É uma tribo que tenta ser prática e acaba trabalhando o dobro. Seus integrantes são sacoleiros, carroceiros da maresia. Virão curvados das ruas.
Atolados de bugigangas. Não levam apenas cadeiras e sacolas, mas bicicletas, pranchas e colchonetes. Se tivesse tomada na orla, carregariam ventiladores e geladeira. Têm mais pertences na praia do que na própria casa.
O isopor é seu principal componente, o cofre das riquezas líquidas. O tamanho da caixa de gelo sugere o tempo de permanência, que pode durar de seis a 12 horas. Tanto que existe o zelador do isopor, uma espécie de tesoureiro, figura escolhida por votação, responsável por controlar a saída da bebida.
Ele põe o pé em cima da tampa e não permite que um dos veranistas se beneficie mais do que os outros.
O farofeiro não quer gastar à toa nos quiosques. Por isso, economiza e transplanta sua cozinha para a beira-mar. Enquanto o normal é segurar uma latinha para consumo na hora, ele faz estoque.
Tem uma inclinação grandiloquente. Mede a alegria pelo número de cervejas que tomou.
Jura que é de uma raça mais resistente ao sol. Nunca ficará bronzeado, mas vermelho, rosa, lilás. A verdadeira cor da pele aparecerá de noite, depois de tirar as camadas de bifes à milanesa.
Os farofeiros gaúchos – não confundir com os argentinos, que representam a ala internacional do setor – transformam lanche em piquenique, convertem almoço em ceia. Foram ampliando seus territórios de lonas. De um guarda-sol, cresceram para uma tenda e já estão dispostos a fundar uma feira. Sua ambição não tem freios. É o case de maior sucesso de empreendedorismo litorâneo.
É aquela trupe esquisita e numerosa, que não deixa nenhum banhista ler um livro quieto. De vez em quando, a trupe conversa num dialeto, que pode ser italiano ou apenas língua presa.
É uma tropa que não chega à praia, mas invade. Simboliza a única comunidade hippie que deu certo.
De uma turma modesta, mínima de farofeiros, é possível formar um time de futebol, um time de vôlei e três duplas de bocha.
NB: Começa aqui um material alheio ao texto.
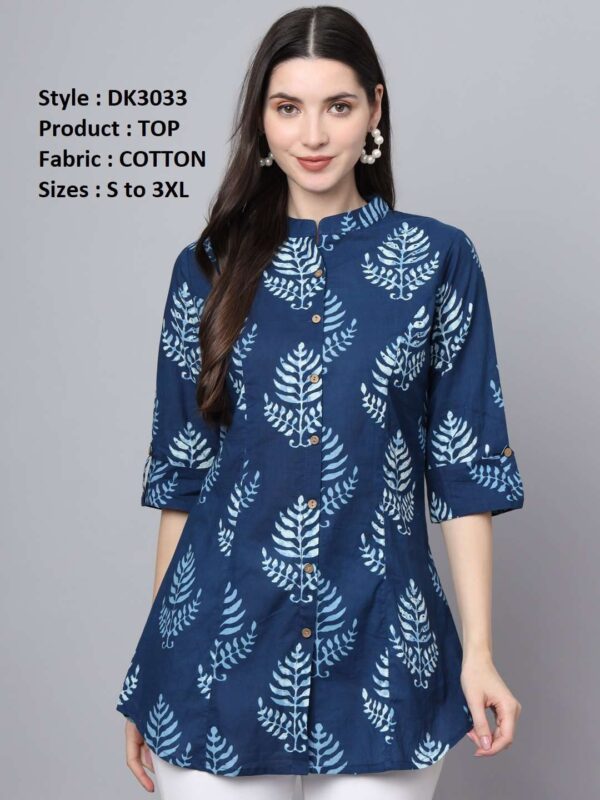 Women Regular Fit Mandarin Collar Top | - Image 4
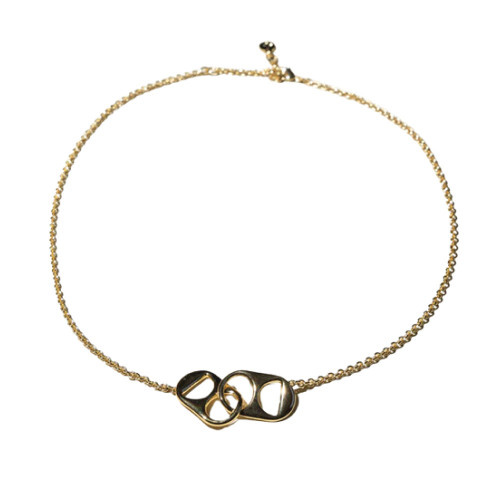 Nickel & Suede Gold Soda Tab Necklace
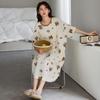 1011 New Nightdress with Chest Pad Women's Summer Pure Cotton Short-sleeved Thin Striped Medium and Long Pajamas Loungewear Skirt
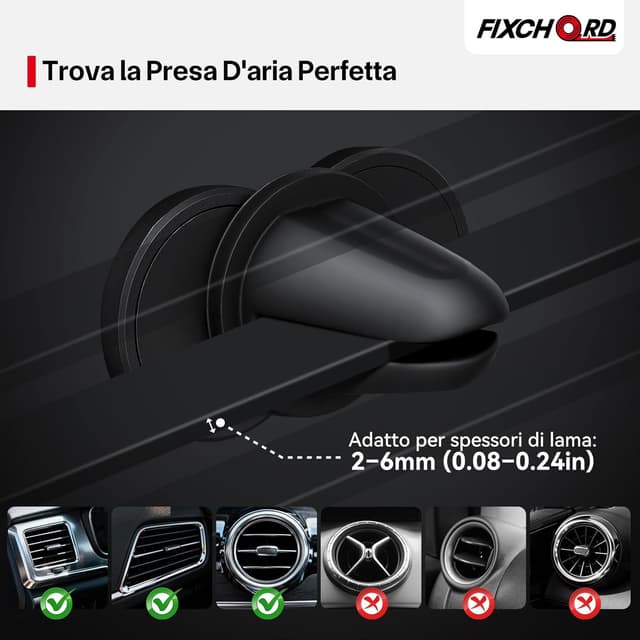 Detalle 2 de Supporto magnetico FIXCHORD per OOONO CO-Driver NO2 (1 pezzo) con magneti integrati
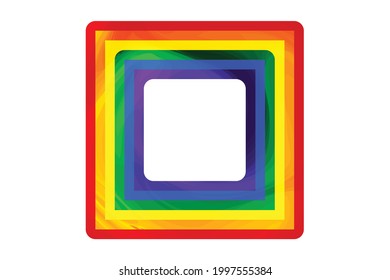 Flag LGBT icons, squared frame. Template border, vector illustration. Love wins. LGBT symbols in rainbow colors. Gay pride collection. Copy space.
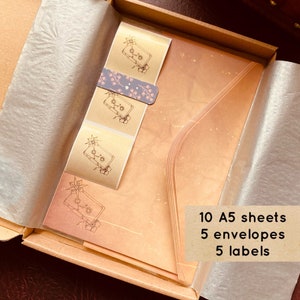 Juego de cartas vintage retro de Cassette, regalo perfecto, papel A5 vintage, sobres a juego, etiquetas, papel para escribir cartas, papelería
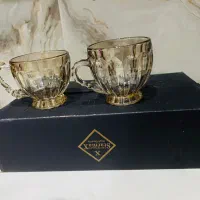 دو دست نیم لیوان چای خوری شامپاینی خارجی در حد آک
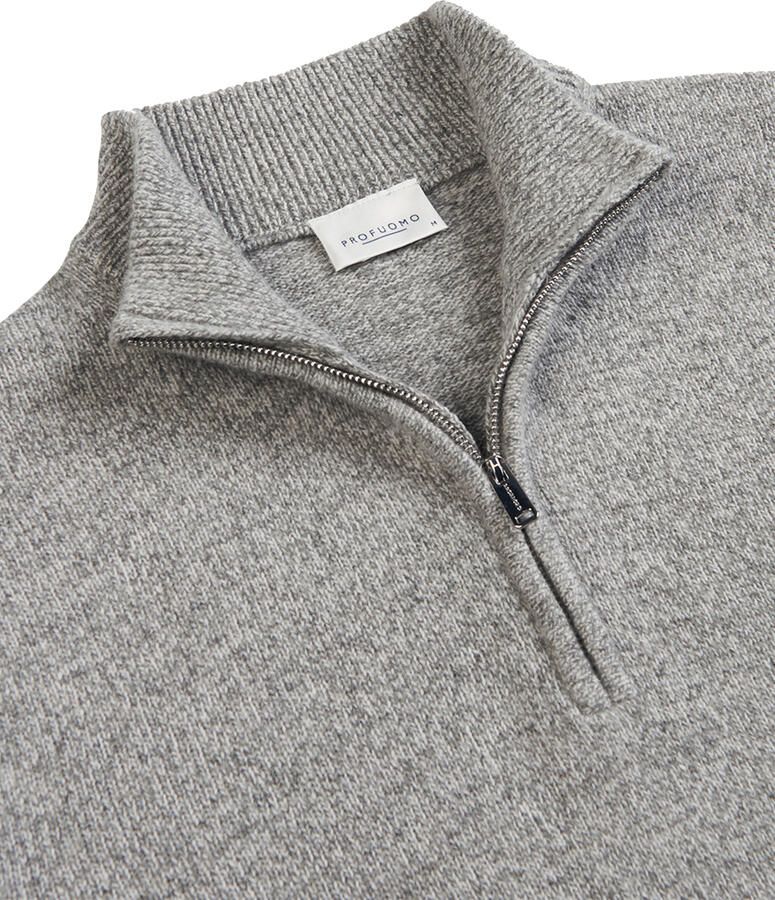 Profuomo Sweater Half Zip Pullover Lamswol Melange Grijs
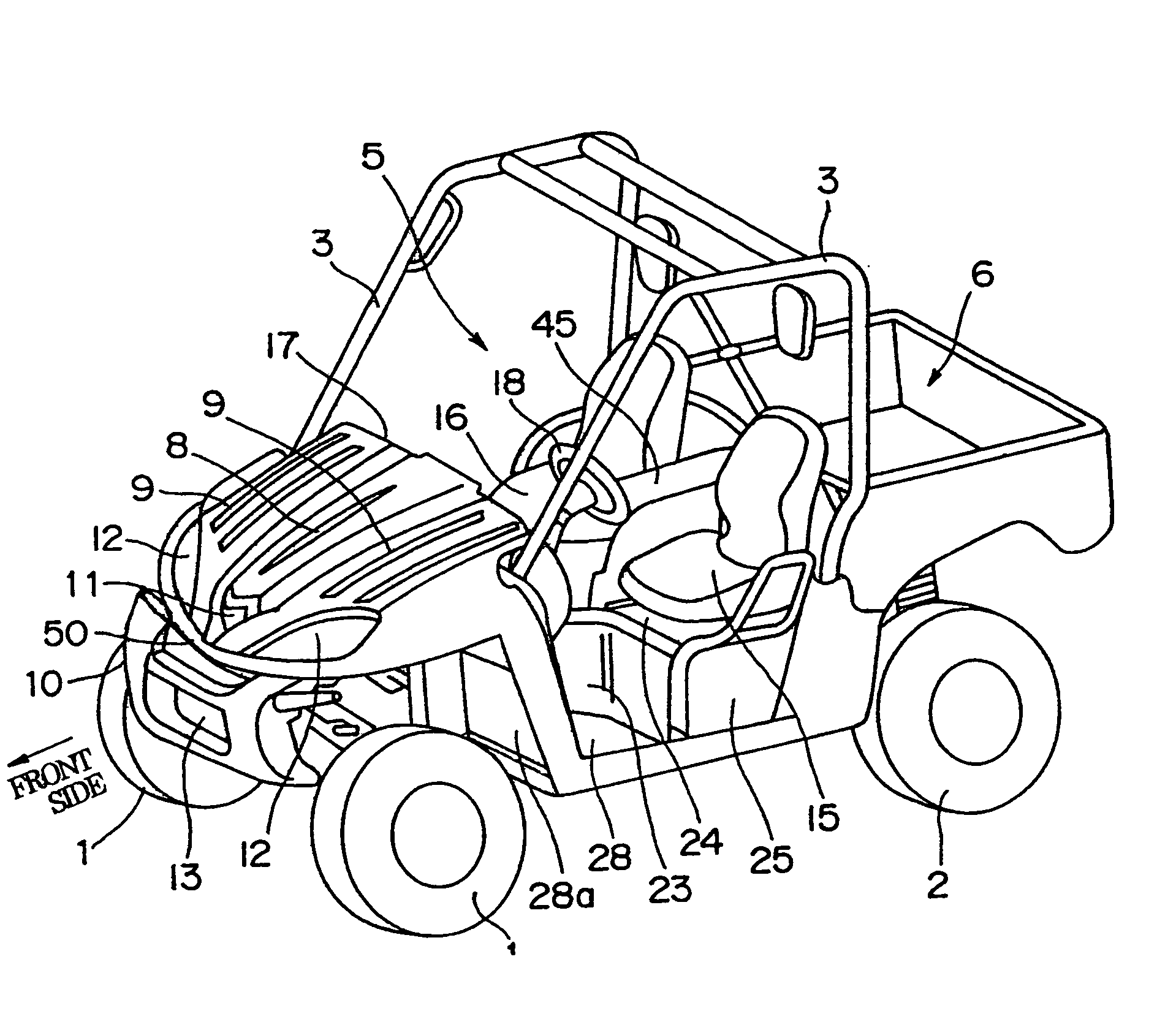 Four wheeled utility vehicle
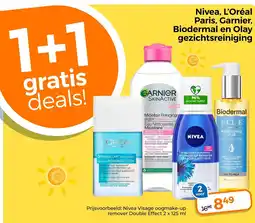 Trekpleister Nivea, L'Oréal Paris, Garnier, Biodermal en Olay gezichtsreiniging aanbieding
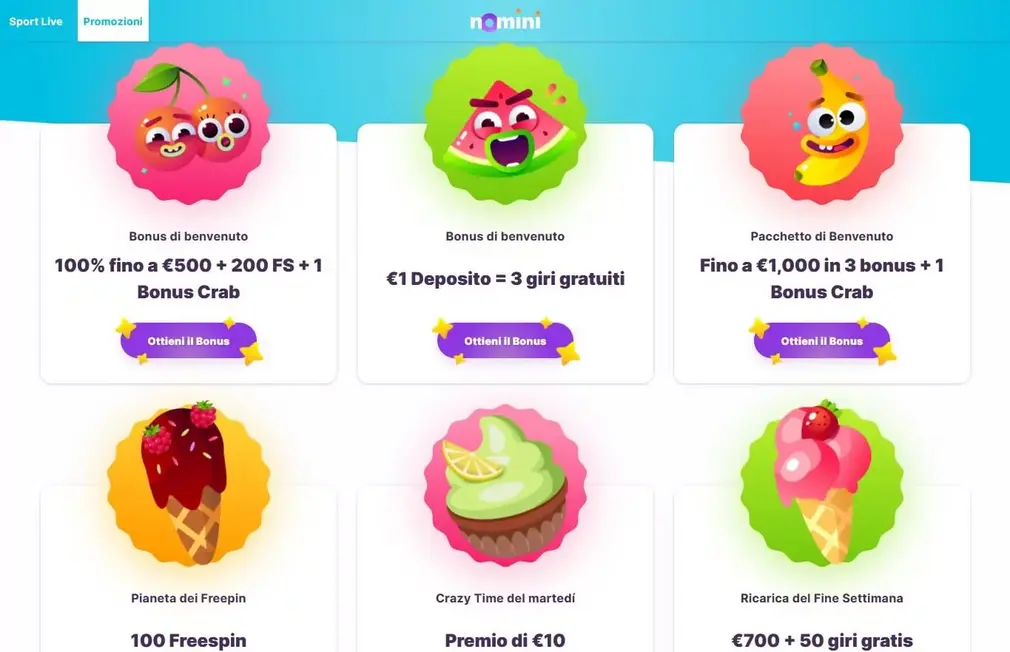 Bonus e promozioni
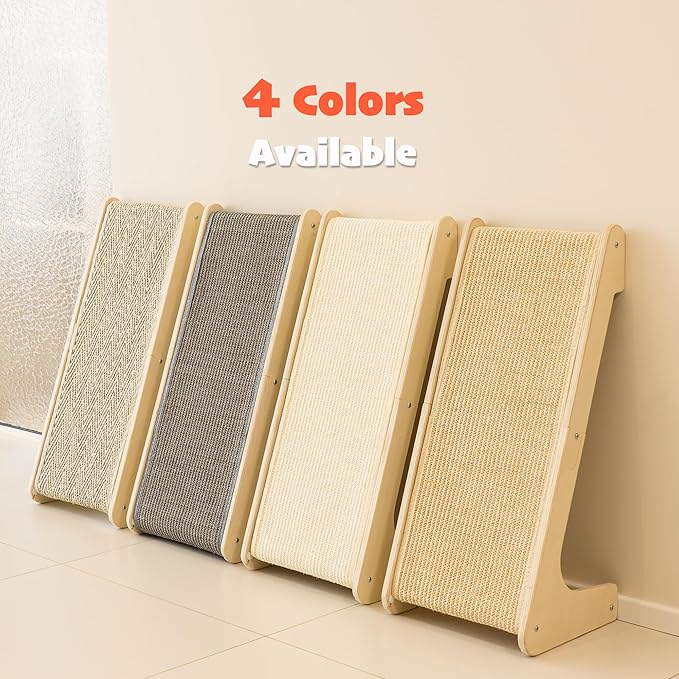 PETKARAY L Shape Cat Scratcher, Sisal Kitty Scratching Ramp, Vertical Scratch Pad for Indoor Cats, 25.2" Furniture Protector with Catnip, White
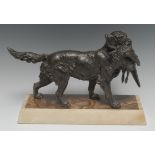 French School (early 20th century), a bronzed metal animalier study, of a gun dog retrieving game,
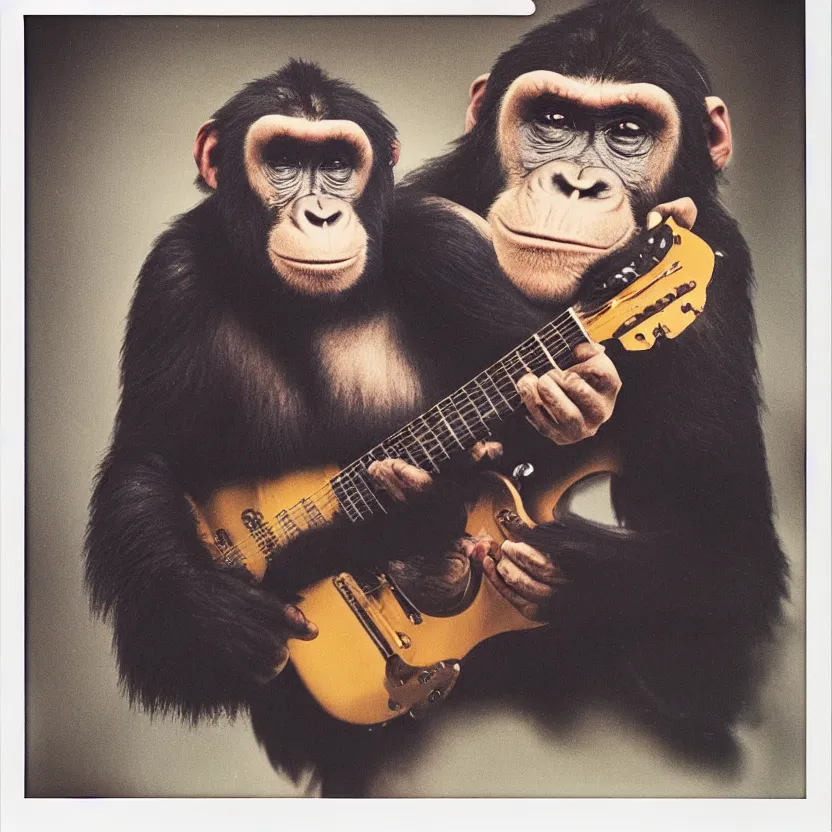 Image similar to portrait of an ape playing a guitar, polaroid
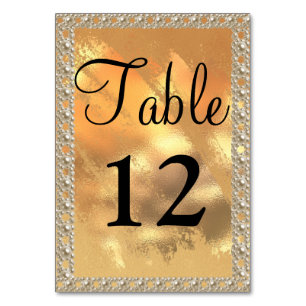 Elegant Gold Sparkle Wedding Table Number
E ainda sobram reservas.
Não é fácil atingir esse nível de despretensão. Requer um marasmo inato, para não sair do lugar e muito menos reclamar da insolação.
Qualquer mudança de ordem terá a cobertura de suas fofocas. Gritam para um aviãozinho ou helicóptero. Se há ameaça de afogamento, juntam-se com rapidez para formar uma multidão aflita, rezando terço e arremessando os braços ao céu.
Pertenço a uma família de farofeiros, confesso, não tenho cura. Estou estragado para o resto da vida.